§ **What you should do**
Nothing but the lines from the one with "this 640×480 image." through the last line of the data should be restated, each word for word.

§ **Available records**
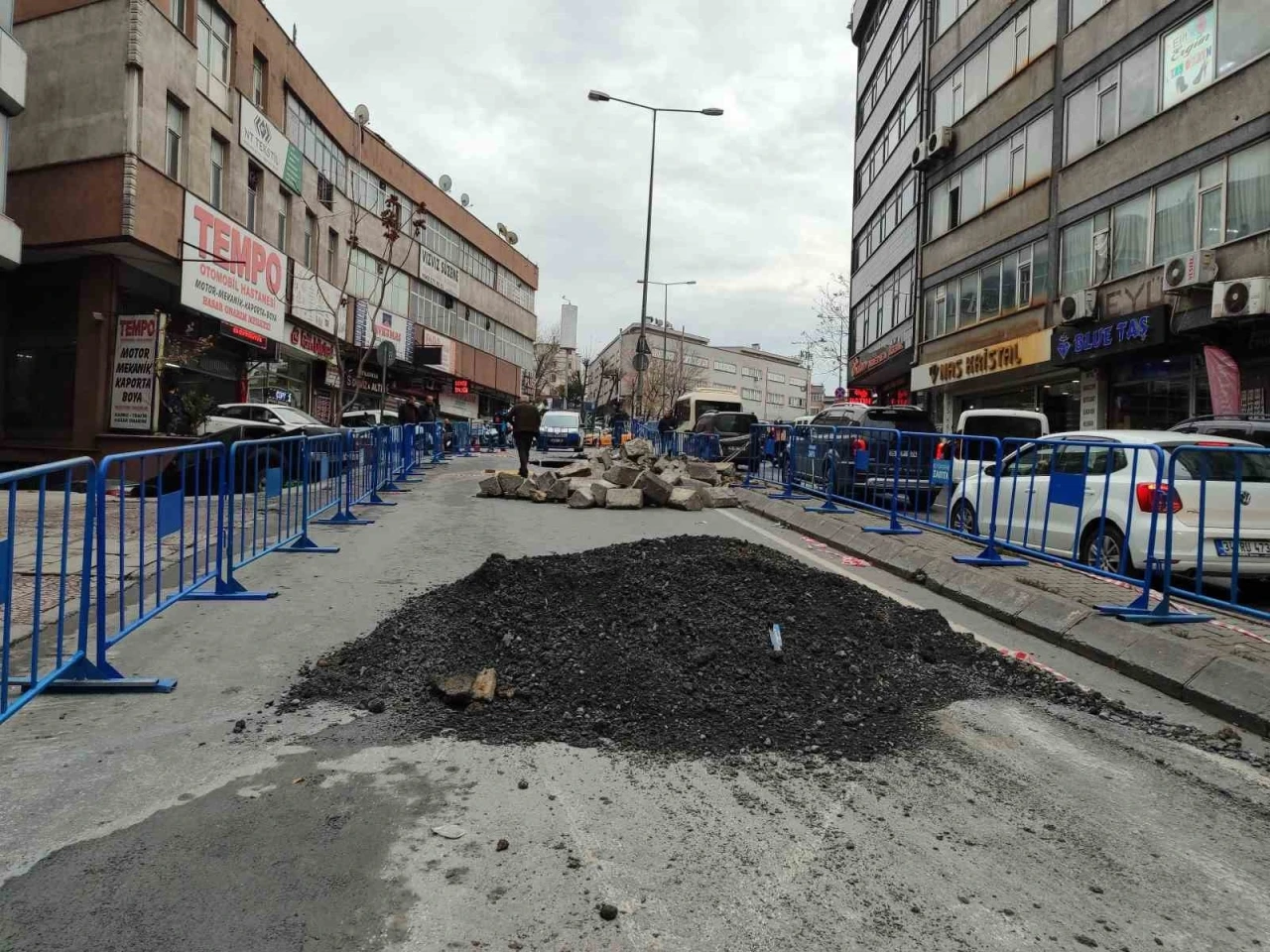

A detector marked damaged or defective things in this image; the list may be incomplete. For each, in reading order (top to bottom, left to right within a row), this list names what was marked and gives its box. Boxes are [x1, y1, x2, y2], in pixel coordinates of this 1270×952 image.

broken concrete block [495, 474, 525, 495]
broken concrete block [559, 459, 591, 479]
broken concrete block [566, 487, 594, 510]
broken concrete block [588, 479, 619, 510]
broken concrete block [604, 487, 645, 510]
broken concrete block [606, 464, 645, 487]
broken concrete block [645, 469, 675, 508]
broken concrete block [665, 487, 705, 510]
broken concrete block [700, 487, 741, 510]
broken concrete block [472, 669, 495, 700]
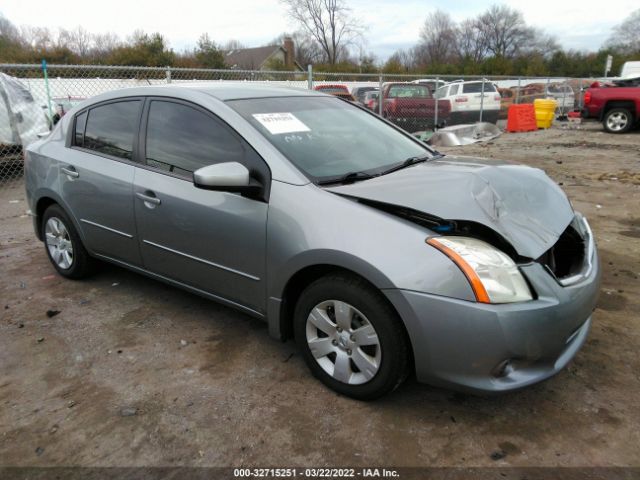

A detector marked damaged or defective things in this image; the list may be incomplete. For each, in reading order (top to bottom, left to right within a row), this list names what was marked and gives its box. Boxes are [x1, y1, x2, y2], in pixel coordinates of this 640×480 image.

crumpled hood [324, 158, 576, 258]
damaged front bumper [384, 217, 600, 394]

§ **Your response**
A detector marked damaged or defective things in this image; the list may be incomplete. For each, in reading order (top to bottom, left to right within a row), this list names what was marked and gives its box. Boxes are [x1, y1, x2, y2], in pixel coordinates of this 640×480 image.

crumpled hood [324, 158, 576, 258]
damaged front bumper [384, 217, 600, 394]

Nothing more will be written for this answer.